(Collected data):
*** Begin section ***

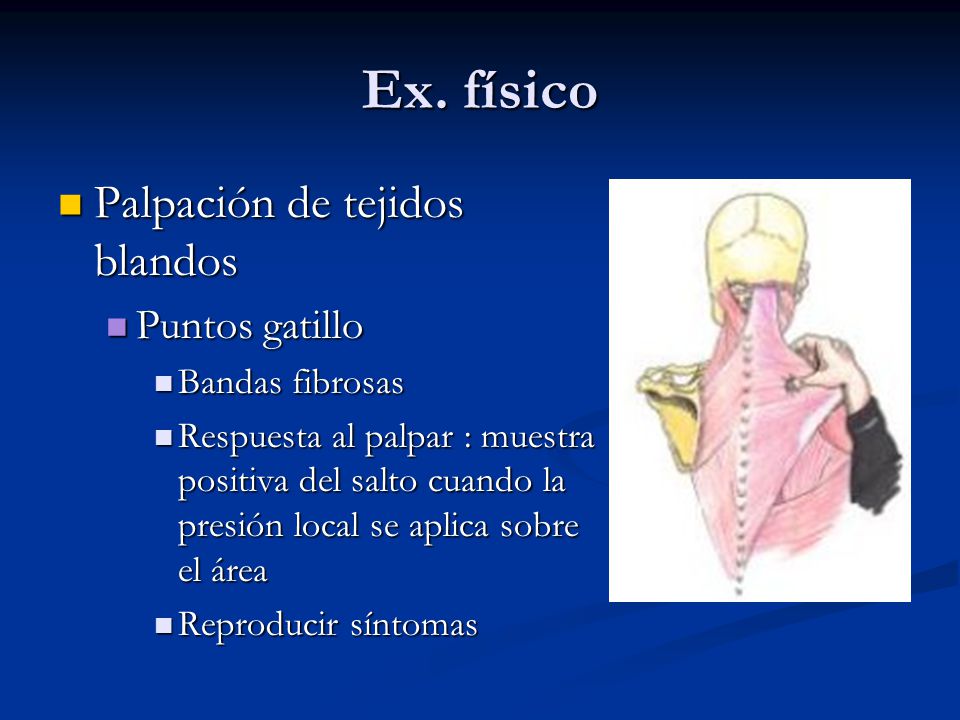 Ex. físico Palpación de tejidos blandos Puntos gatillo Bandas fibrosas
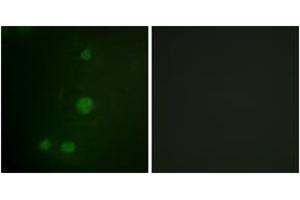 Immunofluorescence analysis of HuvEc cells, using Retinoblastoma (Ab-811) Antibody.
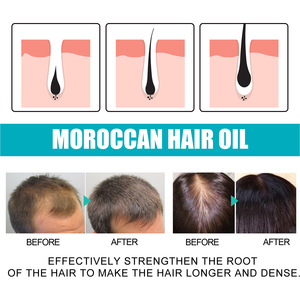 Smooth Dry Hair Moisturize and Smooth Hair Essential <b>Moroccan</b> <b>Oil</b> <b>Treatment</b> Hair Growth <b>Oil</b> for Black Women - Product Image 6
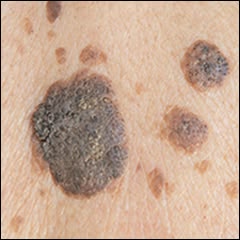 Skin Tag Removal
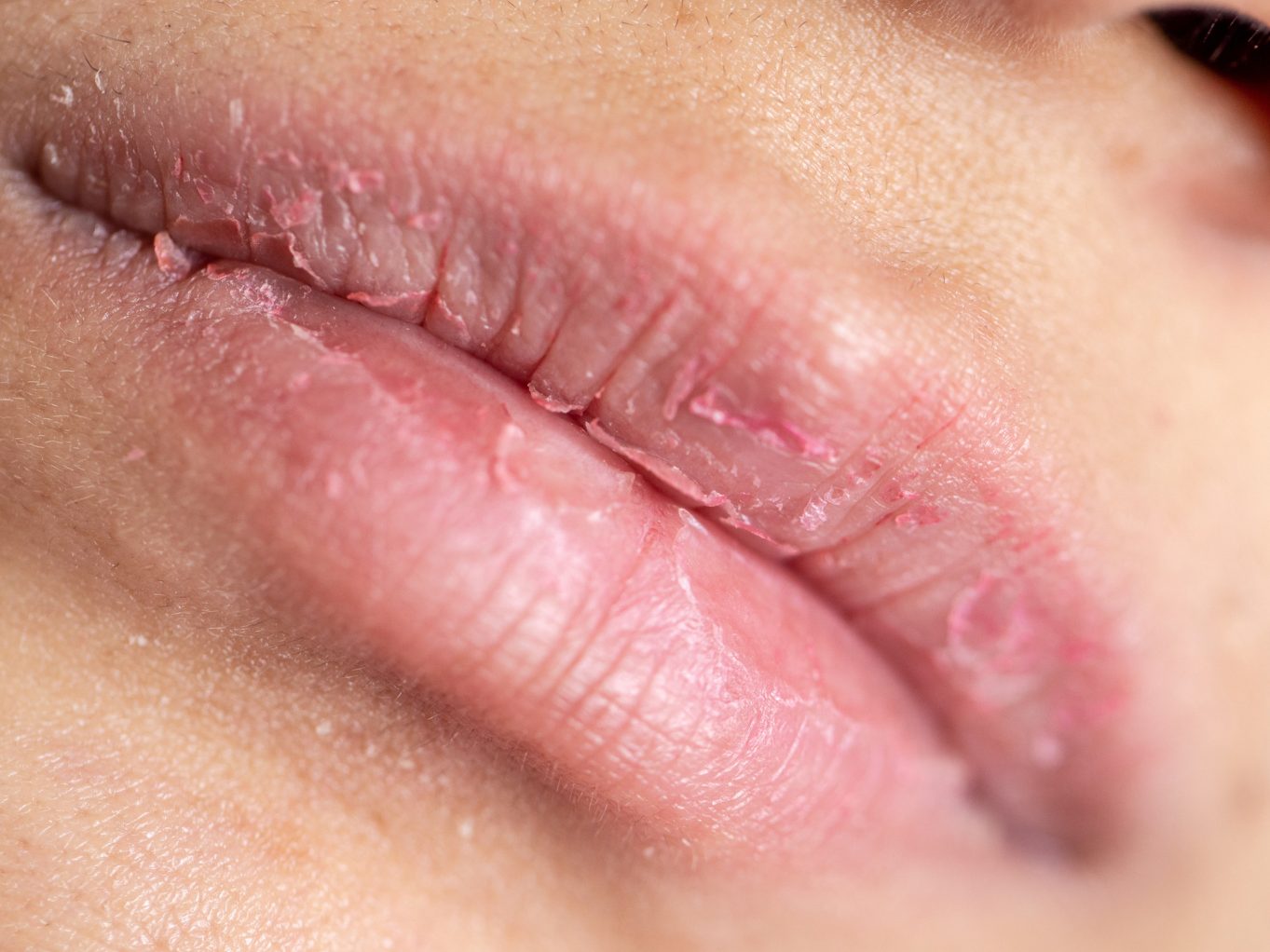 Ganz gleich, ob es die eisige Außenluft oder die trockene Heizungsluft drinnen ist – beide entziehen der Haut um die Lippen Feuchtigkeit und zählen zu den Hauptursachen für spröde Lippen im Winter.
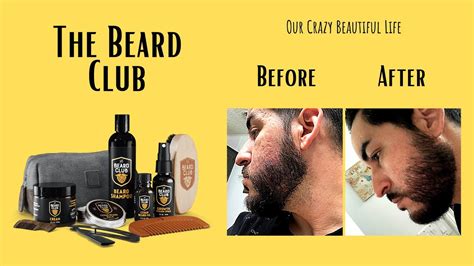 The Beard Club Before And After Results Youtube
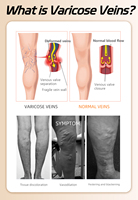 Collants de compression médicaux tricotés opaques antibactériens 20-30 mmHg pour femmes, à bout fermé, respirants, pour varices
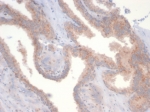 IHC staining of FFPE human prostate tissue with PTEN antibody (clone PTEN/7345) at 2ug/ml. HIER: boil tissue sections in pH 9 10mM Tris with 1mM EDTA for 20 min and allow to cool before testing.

*** End section ***
*** Begin section ***

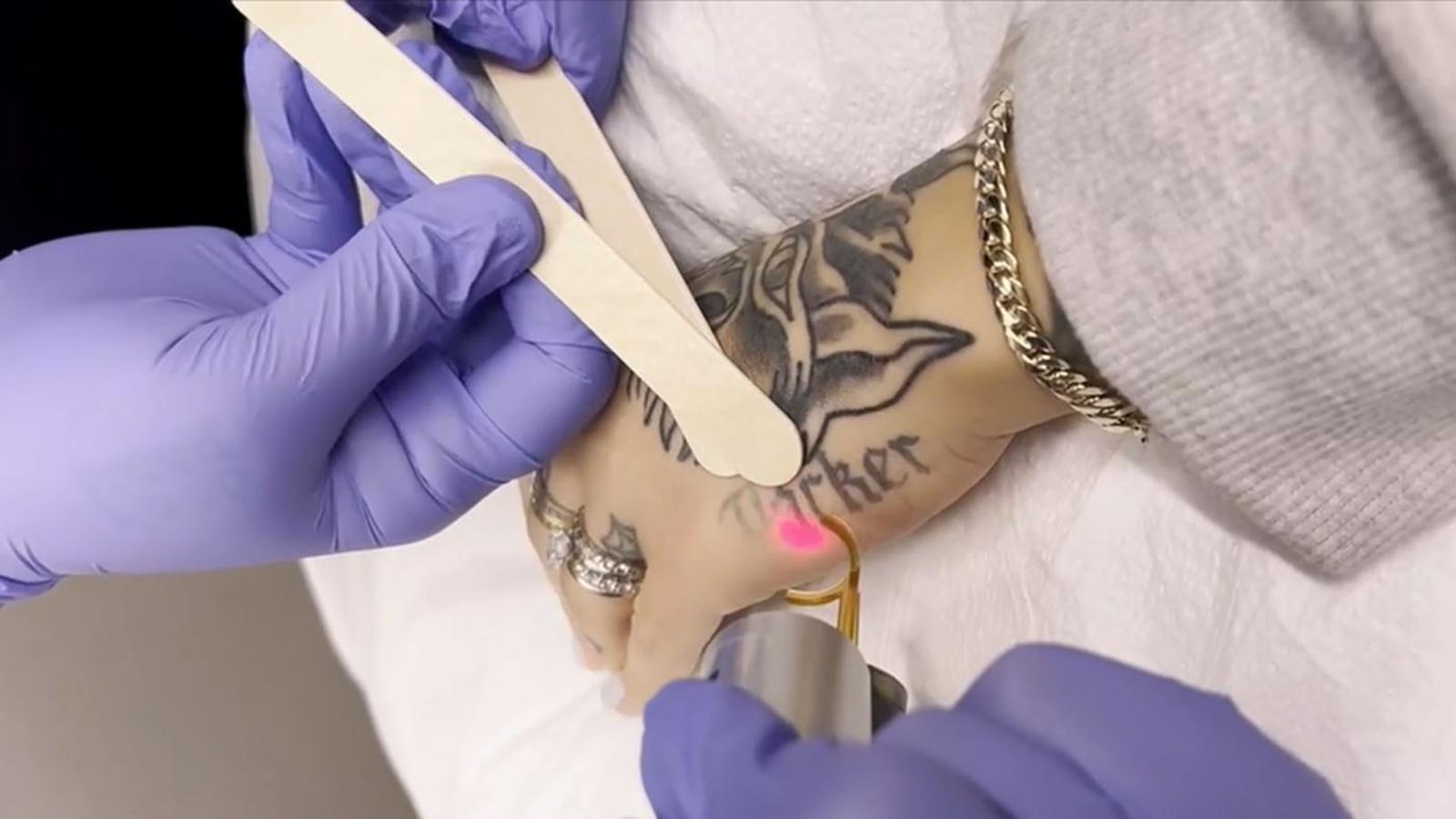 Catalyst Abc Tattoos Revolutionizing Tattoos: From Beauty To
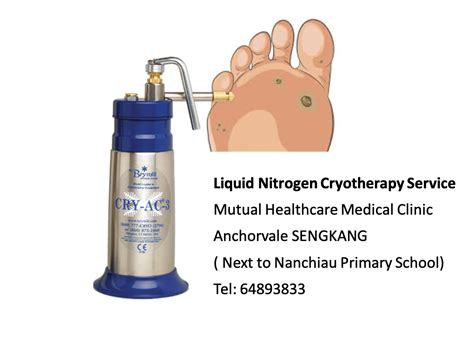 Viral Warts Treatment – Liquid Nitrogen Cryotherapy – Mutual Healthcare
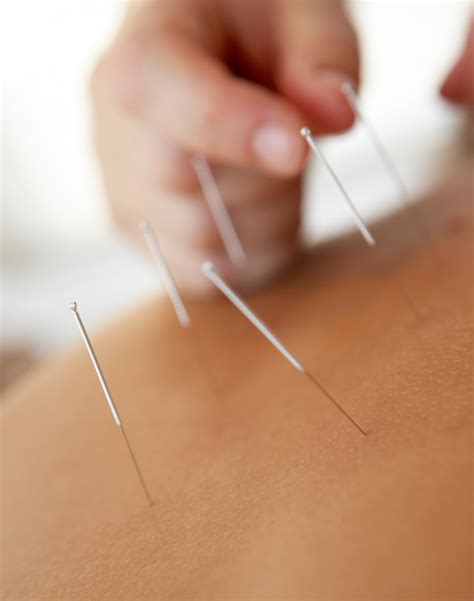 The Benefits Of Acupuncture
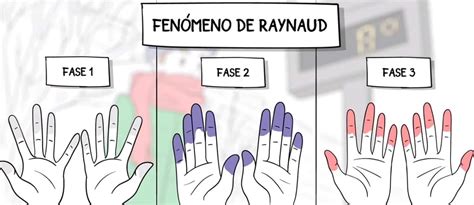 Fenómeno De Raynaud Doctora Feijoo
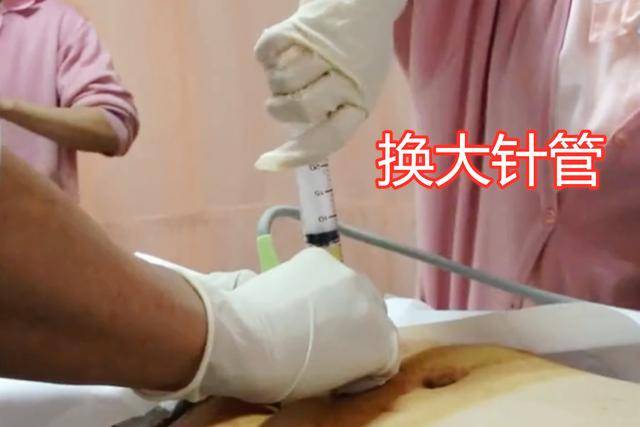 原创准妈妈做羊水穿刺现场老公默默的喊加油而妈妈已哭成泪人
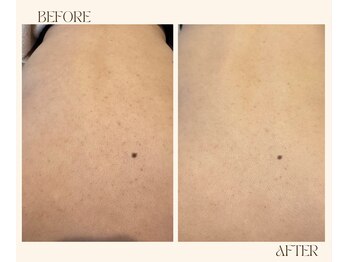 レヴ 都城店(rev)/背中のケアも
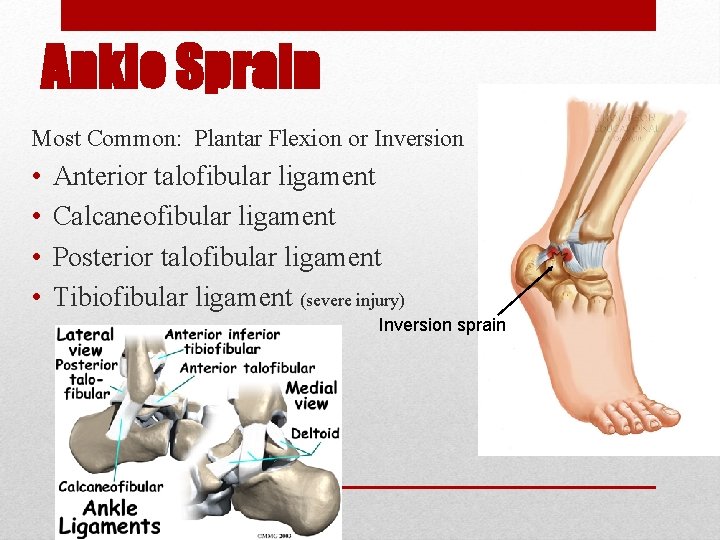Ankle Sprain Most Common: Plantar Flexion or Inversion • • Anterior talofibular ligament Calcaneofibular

*** End section ***

(Aim of the task):
Reproduce the lines above beginning at the line that contains "Smooth Dry Hair" and ending at the line that contains "Collants de compression". No pictures.

(Exercise response):
 Smooth Dry Hair Moisturize and Smooth Hair Essential <b>Moroccan</b> <b>Oil</b> <b>Treatment</b> Hair Growth <b>Oil</b> for Black Women - Product Image 6
 Skin Tag Removal
 Ganz gleich, ob es die eisige Außenluft oder die trockene Heizungsluft drinnen ist – beide entziehen der Haut um die Lippen Feuchtigkeit und zählen zu den Hauptursachen für spröde Lippen im Winter.
 The Beard Club Before And After Results Youtube
 Collants de compression médicaux tricotés opaques antibactériens 20-30 mmHg pour femmes, à bout fermé, respirants, pour varices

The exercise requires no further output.